There's more turbo trickery in the car's motor to back the electric compressor up. The two traditional turbochargers nestled in the engine's "vee" are arranged sequentially, with exhaust gases flowing through one compressor at low speeds, and the second turbocharger kicking in at higher engine loads. Audi says this provides lag free response all the way across the rev range, and linear power delivery.
Despite its heavyweight performance, the Q7 doesn't drink like one of the big boys, with a claimed combined fuel use figure of 7.4 l/100km (31.8 mpg).
Cars with four rings on the bonnet don't always win accolades their handling prowess, but Ingolstadt's engineers have worked hard to make sure the Q7 can back its big power up with a stable chassis. Although the standard, passive setup should be able to handle itself just fine, we'd be ticking the box to have the car fitted with Audi's networked suspension system, which uses a central controller to manage active anti rollbars, springs and dampers.
The most impressive element of the car's suspension system is the electromechanical active anti-roll system, which has a small electric motor is hooked up to a three stage planetary gearbox. There are two separate sides to the stabilizer, which can be disconnected for a more supple ride on rough roads and then connected and stiffened up when the owner wants to get sporty on a smooth mountain road.
In a move that would look familiar to anyone working at Porsche, the Q7 S has even been fitted with a rear-wheel steering system that can steer up to 5 degrees for a more stable ride at high speed, and a sharper turn-in at low speed. Also contributing to the car's improved handling is an optional sports differential that uses torque vectoring on the rear axle.

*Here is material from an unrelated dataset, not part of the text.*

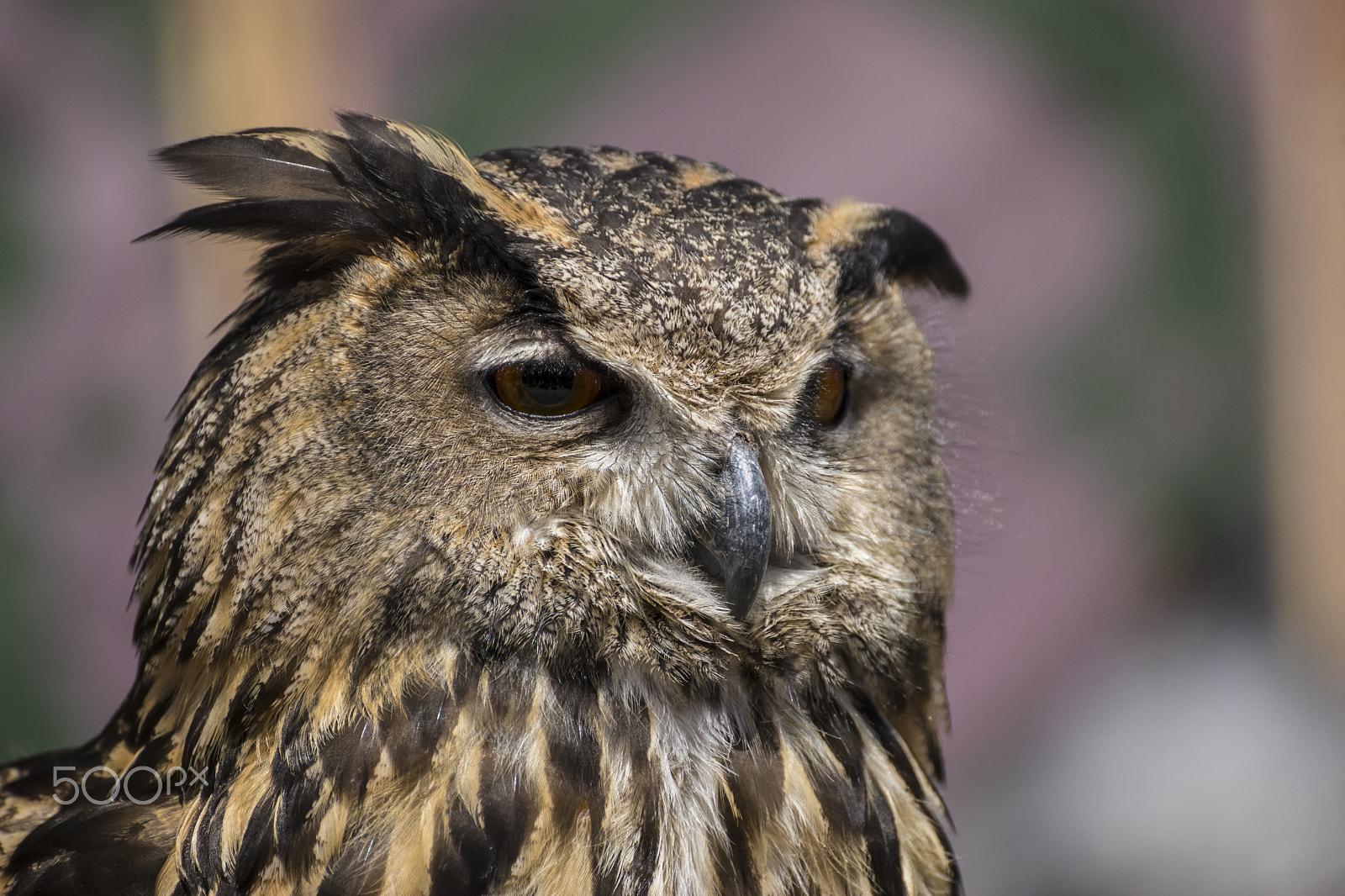 Sony a7 + Sony DT 50mm F1.8 SAM sample photo. Raptor, beautiful owl with plumage of earthy colors, has an inte photography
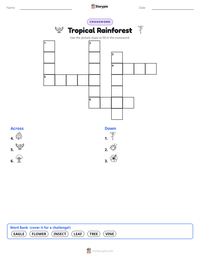 Tropical Rainforest printable worksheet preview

With all of this impressive chassis and engine technology you'd think Audi would have gone to town on the car's styling, but as has become standard, the stylists have kept things simple – inside and out. Aside from 20-inch wheels, a unique diffuser and silver mirror caps, the Q7's styling is largely unchanged, while the interior is the same gorgeous, understated design that won us over in Detroit.
All up, the SQ7 will set you back €89,900 (£69,474/US$98,886) before you start ticking boxes on the option sheet.